In fiscal year 2024-25, the Consumer Price Index (CPI) settled at 4.49 percent, a steep descent from the staggering 23.41 percent witnessed in FY24.
Core inflation—stripped of the volatile swings in food and energy—nudged upward to 7 percent in July, slightly above June’s 6.9 percent, yet still well below the 11.7 percent recorded in July 2024. Urban inflation was reported at 4.4 percent, while rural regions posted a softer 3.5 percent, both markedly lower compared with last year’s 13.2 percent and 8.1 percent, respectively.
The Wholesale Price Index (WPI) continued its downward trajectory, dipping 0.5 percent in July after June’s 0.6 percent decline. This stands in stark contrast to July 2024, when WPI was soaring at 10.4 percent.
Still, volatility was evident in the food basket. Fresh vegetables rocketed by 45.76 percent in July. Chicken followed with a sharp 29.73 percent rise, tomatoes surged 19.9 percent, potatoes climbed 10.97 percent, onions 9.36 percent, sugar 6.11 percent, gur 3.48 percent, and rice 1.46 percent. Yet some relief appeared: eggs slumped 14.5 percent, fresh fruits slipped 7.17 percent, and wheat flour fell 1.03 percent.
For the second consecutive week, essential commodities continued their upward march.
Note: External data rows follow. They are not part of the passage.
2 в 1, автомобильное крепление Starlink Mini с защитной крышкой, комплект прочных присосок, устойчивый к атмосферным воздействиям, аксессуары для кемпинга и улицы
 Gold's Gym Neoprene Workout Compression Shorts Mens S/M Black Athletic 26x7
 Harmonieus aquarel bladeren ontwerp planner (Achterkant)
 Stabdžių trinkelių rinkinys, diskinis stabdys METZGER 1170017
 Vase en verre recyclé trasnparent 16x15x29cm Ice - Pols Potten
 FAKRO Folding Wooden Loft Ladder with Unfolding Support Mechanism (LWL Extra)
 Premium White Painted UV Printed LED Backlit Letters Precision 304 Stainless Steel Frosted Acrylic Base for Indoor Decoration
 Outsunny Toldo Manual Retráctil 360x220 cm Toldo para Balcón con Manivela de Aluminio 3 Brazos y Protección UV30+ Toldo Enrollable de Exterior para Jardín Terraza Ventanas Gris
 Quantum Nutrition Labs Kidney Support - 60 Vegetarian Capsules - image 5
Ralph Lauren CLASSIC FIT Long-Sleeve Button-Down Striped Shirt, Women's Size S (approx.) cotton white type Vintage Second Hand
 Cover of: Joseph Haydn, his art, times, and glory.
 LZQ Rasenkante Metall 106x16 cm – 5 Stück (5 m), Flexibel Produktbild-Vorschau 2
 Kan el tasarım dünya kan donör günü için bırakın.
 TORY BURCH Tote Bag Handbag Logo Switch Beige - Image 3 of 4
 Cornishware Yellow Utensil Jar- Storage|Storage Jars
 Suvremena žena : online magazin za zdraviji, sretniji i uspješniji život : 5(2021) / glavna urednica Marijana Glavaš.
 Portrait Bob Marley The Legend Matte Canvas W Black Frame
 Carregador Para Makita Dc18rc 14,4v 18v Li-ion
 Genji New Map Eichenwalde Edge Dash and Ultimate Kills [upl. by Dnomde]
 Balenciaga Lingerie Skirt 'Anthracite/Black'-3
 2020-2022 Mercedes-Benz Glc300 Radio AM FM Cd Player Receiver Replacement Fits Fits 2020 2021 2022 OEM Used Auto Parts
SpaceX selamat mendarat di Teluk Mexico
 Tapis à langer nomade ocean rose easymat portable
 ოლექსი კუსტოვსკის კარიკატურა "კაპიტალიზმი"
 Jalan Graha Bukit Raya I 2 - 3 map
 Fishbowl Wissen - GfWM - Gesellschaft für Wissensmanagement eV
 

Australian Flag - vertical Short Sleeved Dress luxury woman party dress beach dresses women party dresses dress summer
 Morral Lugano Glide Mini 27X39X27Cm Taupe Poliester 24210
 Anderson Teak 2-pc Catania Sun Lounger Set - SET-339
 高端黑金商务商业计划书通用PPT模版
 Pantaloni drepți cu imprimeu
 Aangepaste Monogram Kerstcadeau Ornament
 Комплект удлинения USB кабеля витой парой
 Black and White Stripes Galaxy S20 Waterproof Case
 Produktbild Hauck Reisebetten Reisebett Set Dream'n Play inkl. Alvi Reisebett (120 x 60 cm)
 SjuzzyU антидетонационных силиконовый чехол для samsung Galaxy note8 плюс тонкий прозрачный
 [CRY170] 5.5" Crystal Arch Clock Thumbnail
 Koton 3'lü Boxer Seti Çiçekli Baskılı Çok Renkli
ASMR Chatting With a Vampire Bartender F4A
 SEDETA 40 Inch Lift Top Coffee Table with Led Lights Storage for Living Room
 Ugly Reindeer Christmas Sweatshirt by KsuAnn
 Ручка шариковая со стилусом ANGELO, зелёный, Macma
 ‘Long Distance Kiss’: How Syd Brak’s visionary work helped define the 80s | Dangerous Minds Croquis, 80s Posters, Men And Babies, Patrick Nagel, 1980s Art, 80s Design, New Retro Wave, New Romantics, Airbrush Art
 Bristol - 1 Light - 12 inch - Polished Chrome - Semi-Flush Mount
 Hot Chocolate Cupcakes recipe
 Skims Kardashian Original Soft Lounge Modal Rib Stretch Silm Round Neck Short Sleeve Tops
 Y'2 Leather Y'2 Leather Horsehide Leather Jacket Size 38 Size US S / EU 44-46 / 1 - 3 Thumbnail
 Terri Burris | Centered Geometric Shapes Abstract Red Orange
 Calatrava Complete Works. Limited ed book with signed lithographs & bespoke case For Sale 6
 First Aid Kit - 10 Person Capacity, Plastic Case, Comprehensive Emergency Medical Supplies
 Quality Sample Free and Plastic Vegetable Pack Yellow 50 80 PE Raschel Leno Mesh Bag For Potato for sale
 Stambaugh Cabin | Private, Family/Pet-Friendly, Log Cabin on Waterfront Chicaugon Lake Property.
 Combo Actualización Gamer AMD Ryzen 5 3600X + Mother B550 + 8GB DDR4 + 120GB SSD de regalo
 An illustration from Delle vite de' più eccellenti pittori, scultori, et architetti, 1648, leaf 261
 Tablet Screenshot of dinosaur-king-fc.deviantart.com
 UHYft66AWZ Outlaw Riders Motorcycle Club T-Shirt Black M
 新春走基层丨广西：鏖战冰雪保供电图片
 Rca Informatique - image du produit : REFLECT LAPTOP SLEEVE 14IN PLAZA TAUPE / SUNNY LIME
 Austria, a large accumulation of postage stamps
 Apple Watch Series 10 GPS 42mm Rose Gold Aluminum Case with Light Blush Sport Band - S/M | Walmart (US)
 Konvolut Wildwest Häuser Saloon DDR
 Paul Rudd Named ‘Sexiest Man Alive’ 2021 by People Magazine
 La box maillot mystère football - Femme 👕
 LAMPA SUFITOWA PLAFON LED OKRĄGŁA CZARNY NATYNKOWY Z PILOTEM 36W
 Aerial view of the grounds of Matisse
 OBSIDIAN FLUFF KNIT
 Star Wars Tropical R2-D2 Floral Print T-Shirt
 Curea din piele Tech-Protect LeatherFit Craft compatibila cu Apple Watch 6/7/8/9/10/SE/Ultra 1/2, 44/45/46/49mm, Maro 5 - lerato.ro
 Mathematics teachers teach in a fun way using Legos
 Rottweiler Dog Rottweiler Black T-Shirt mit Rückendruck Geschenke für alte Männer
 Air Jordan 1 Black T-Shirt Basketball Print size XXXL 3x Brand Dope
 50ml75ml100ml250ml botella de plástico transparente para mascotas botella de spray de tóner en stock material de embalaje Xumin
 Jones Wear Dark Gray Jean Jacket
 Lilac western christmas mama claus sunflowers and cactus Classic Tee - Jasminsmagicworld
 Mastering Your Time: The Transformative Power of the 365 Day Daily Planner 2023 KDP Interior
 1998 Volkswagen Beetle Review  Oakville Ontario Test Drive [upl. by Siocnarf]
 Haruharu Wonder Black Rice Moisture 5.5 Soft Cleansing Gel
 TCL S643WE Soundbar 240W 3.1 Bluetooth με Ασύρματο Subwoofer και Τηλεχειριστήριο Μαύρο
The Pakistan Bureau of Statistics (PBS) reported weekly inflation climbing 0.31 percent, while annual inflation edged to 2.21 percent. Out of the tracked items, 17 saw price hikes. Tomatoes jumped by Rs10.42 per kilogram, live broiler chicken by Rs19.67, a dozen eggs by Rs6.19, and a 20-kilogram flour sack surged by more than Rs21. Other staples such as onions, garlic, black gram, and jaggery also registered increases. Conversely, bananas, potatoes, rice, and LPG cylinders became cheaper. Prices of 24 items held steady, while 9 slipped downward.
The government’s attempts to peg sugar at Rs173 per kilogram have largely faltered. Retailers in Islamabad, Karachi, and Peshawar continue to defy official directives, demanding up to Rs190 per kilogram.
According to PBS data, the average sugar price crept upward by 0.52 paisas per kilogram during the week. In Rawalpindi, Gujranwala, Sialkot, and Bannu, sugar traded at Rs185, while in Quetta it sold for Rs182. Hyderabad and Larkana marked Rs181 per kilogram. Only in Lahore, Faisalabad, and Sargodha was sugar found at the prescribed official rate.
Though broader inflation metrics suggest Pakistan has stepped back from the brink of last year’s double-digit turbulence, the persistence of price hikes in everyday essentials underscores a lingering fragility in the economy. Unless corrective measures rein in food inflation and ensure compliance with official price caps, the respite from falling CPI and WPI may prove short-lived for ordinary households already stretched by rising costs.